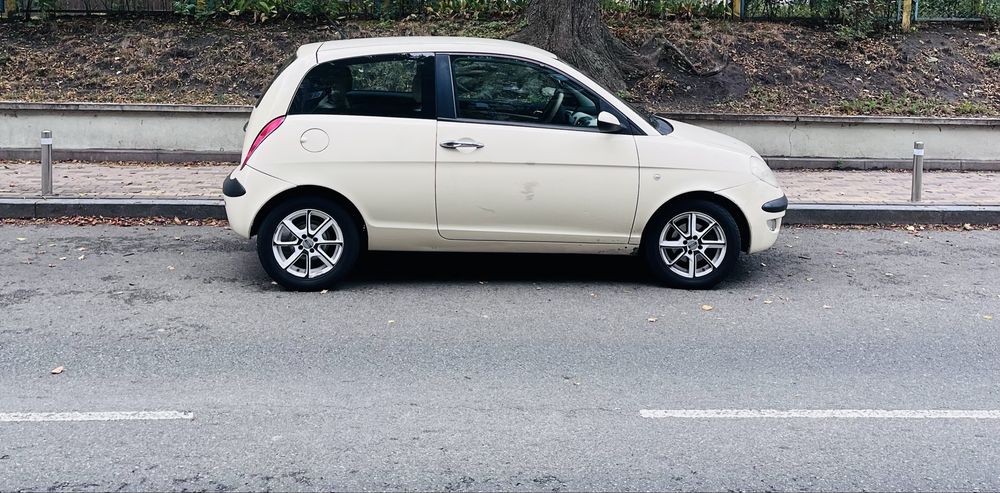 Продам Лянча Ypsilon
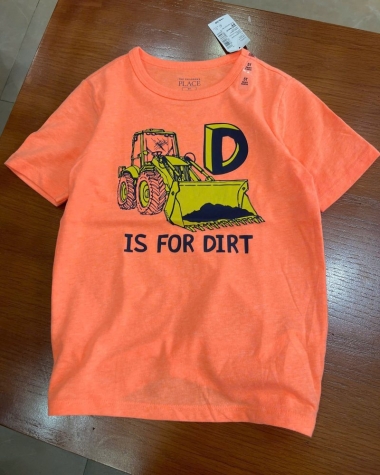 Áo thun bé trai The Children's Place in xe máy ủi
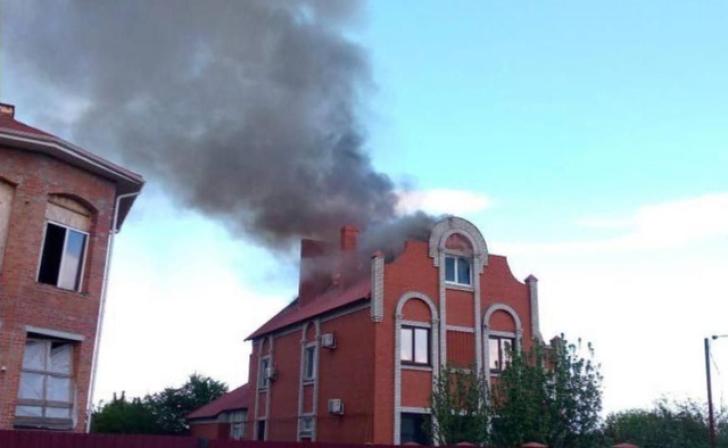 От атаке беспилотника сгорел дом главы Глушковского района Павла Золотарёва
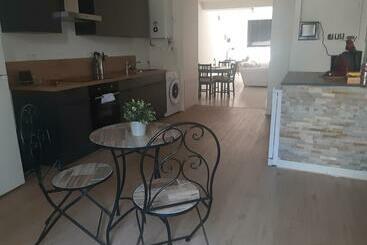 דירות לתיירים L étape De La Tour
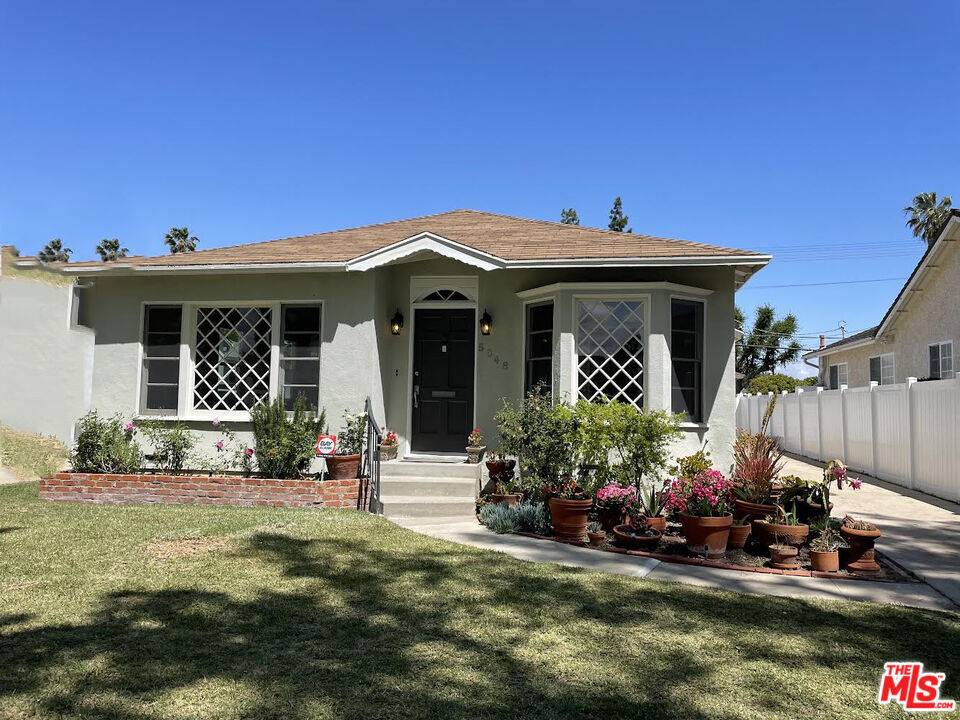 Property Photo: 5048 Enfield Ave CA 91316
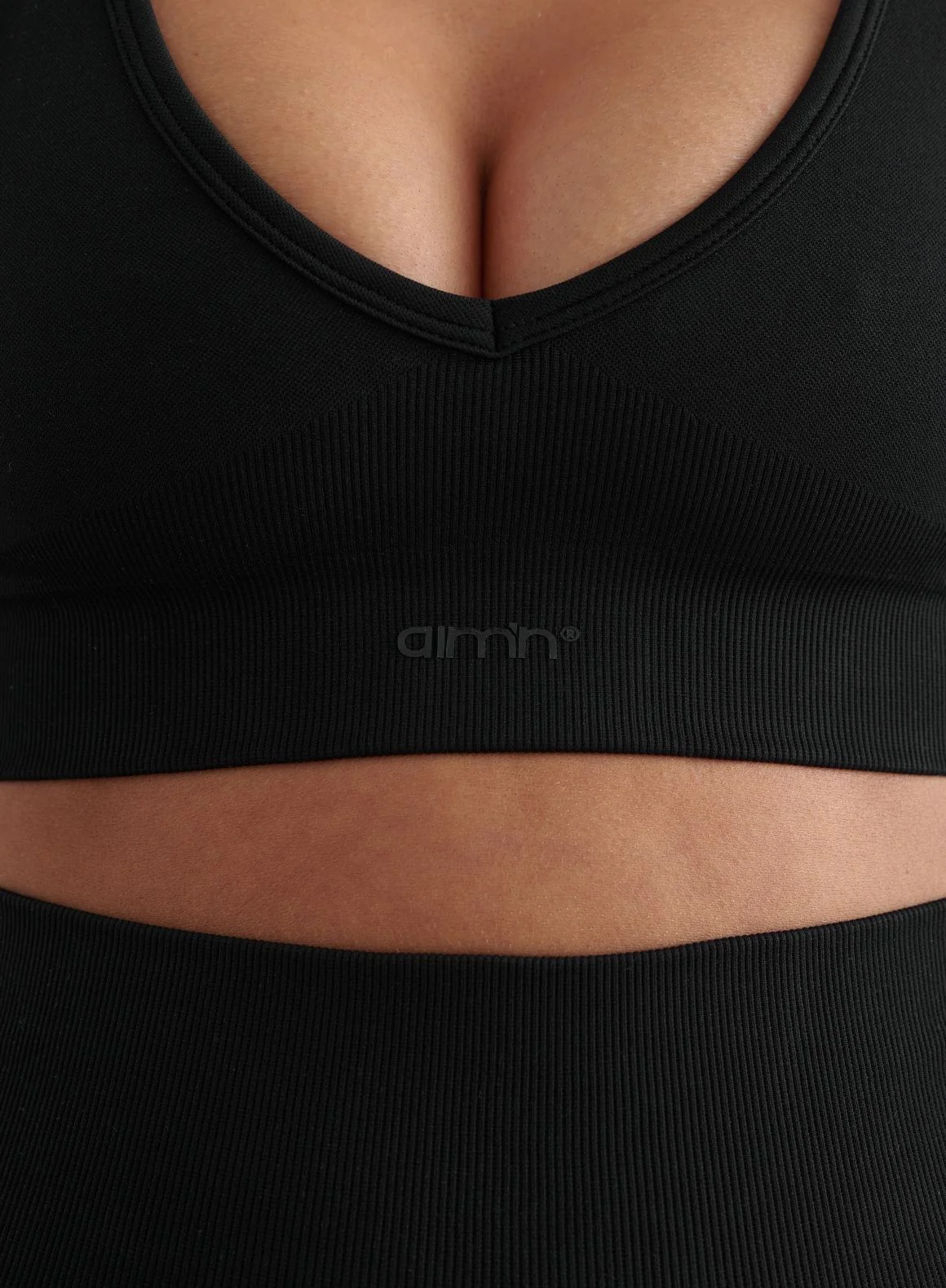 Black Shape Seamless Deep Cut Bra - Image 6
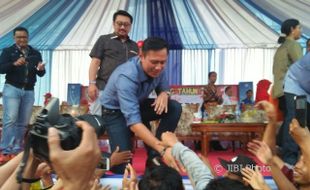 PILGUB JATIM : Ditanya Soal Politik, AHY: Saya ke Pacitan untuk Menikmati Alam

→ Problem: Every record must be duplicated exactly, except for the pictures, which are left out.

→ Result:
 Продам Лянча Ypsilon
 Áo thun bé trai The Children's Place in xe máy ủi
 От атаке беспилотника сгорел дом главы Глушковского района Павла Золотарёва
 דירות לתיירים L étape De La Tour
 Property Photo: 5048 Enfield Ave CA 91316
 Black Shape Seamless Deep Cut Bra - Image 6
 PILGUB JATIM : Ditanya Soal Politik, AHY: Saya ke Pacitan untuk Menikmati Alam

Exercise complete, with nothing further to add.